Some of the ever-growing list of global icons that go dark for Earth Hour each year are the Eiffel Tower in Paris, Beijing's Forbidden City and the Sphinx and Pyramids of Giza.
Earth Hour is becoming a spectacular display of global unity and an indication of what we can achieve if we all take responsibility for looking after our planet.
The World Wide Fund for Nature (WWF) says," Earth Hour is the moment in which we say 'yes', Planet Earth is a home we share with a myriad of precious species. Earth Hour is a universal message of hope and action, a moment driven by the collective will of the world, for the world."
Many of our fellow creatures are going to be adversely affected by climate change and by our actions in other areas. Earth Hour is a powerful reminder that we humans are the ones who should be doing everything in our power to prevent loss of their habitat and reduction of their general well-being.
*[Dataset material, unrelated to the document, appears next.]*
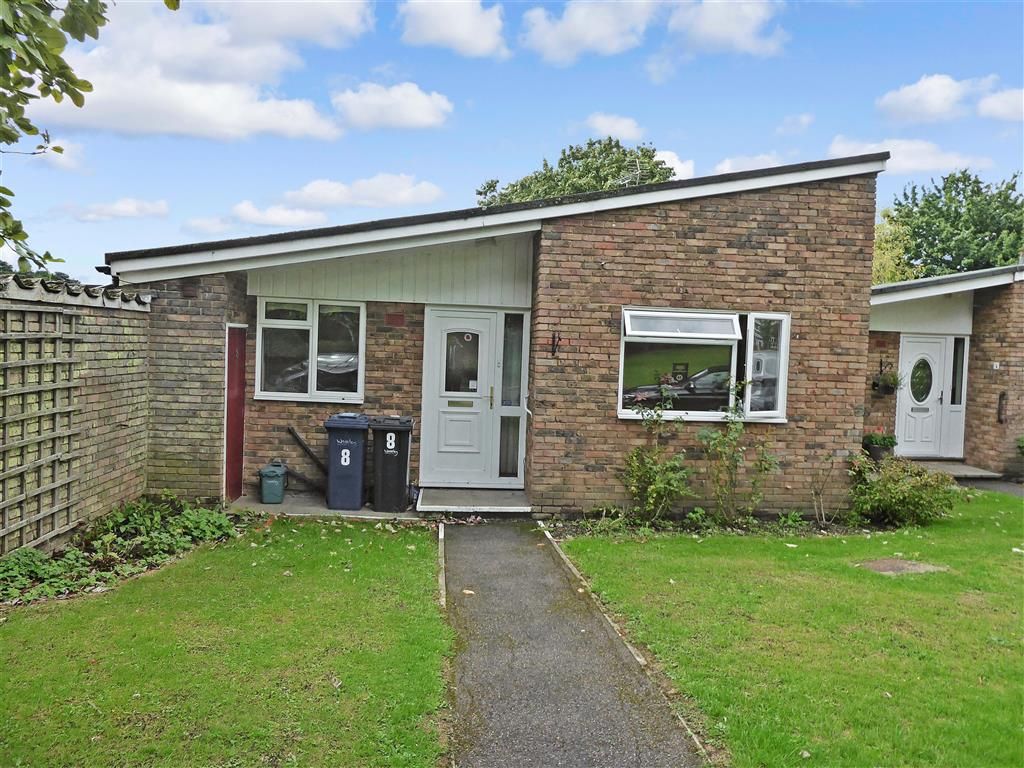 2 bed bungalow for sale in Park Drive, Cranleigh, Surrey GU6 Zoopla
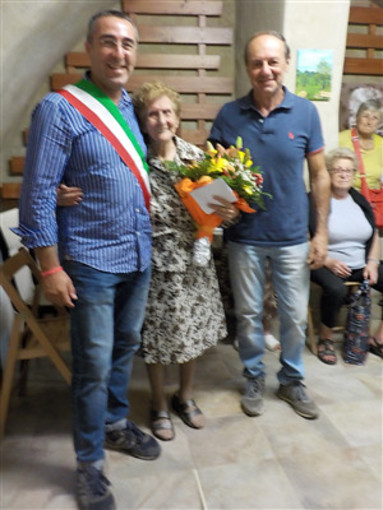 Da 58 anni in vacanza a Sant'Anna Collarea: la storia di Ester Vigo, 99enne genovese Da 58 anni in vacanza a Sant'Anna Collarea: la storia di Ester Vigo, 99enne genovese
As in previous years, we are being encouraged to "go beyond the hour" in the days, weeks, months and years which lie ahead, and, motivated by our concerns as individuals and groups, do what we can for the welfare of life on earth.
As we turn the lights out, let us consider how we can breathe life into our role as Earth Citizens, and into this statement from the Earth Charter – "We must decide to live with a sense of universal responsibility, identifying ourselves with the whole Earth Community as well as our local community."